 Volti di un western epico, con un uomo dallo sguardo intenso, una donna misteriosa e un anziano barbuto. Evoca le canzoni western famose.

#####

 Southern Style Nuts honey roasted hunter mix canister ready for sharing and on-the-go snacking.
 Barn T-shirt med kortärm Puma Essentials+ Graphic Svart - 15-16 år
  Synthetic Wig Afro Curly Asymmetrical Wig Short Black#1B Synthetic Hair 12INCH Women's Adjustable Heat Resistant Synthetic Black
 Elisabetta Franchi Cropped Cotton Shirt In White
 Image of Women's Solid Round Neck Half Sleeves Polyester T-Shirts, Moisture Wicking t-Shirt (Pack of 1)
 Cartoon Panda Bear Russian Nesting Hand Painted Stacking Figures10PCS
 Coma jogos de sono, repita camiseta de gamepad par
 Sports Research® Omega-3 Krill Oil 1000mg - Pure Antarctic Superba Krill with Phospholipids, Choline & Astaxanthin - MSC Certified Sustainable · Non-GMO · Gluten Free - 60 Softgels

#####

### Task statement:
Count the lines above that contain the word "Women". Write only the number.

### Completed exercise:
2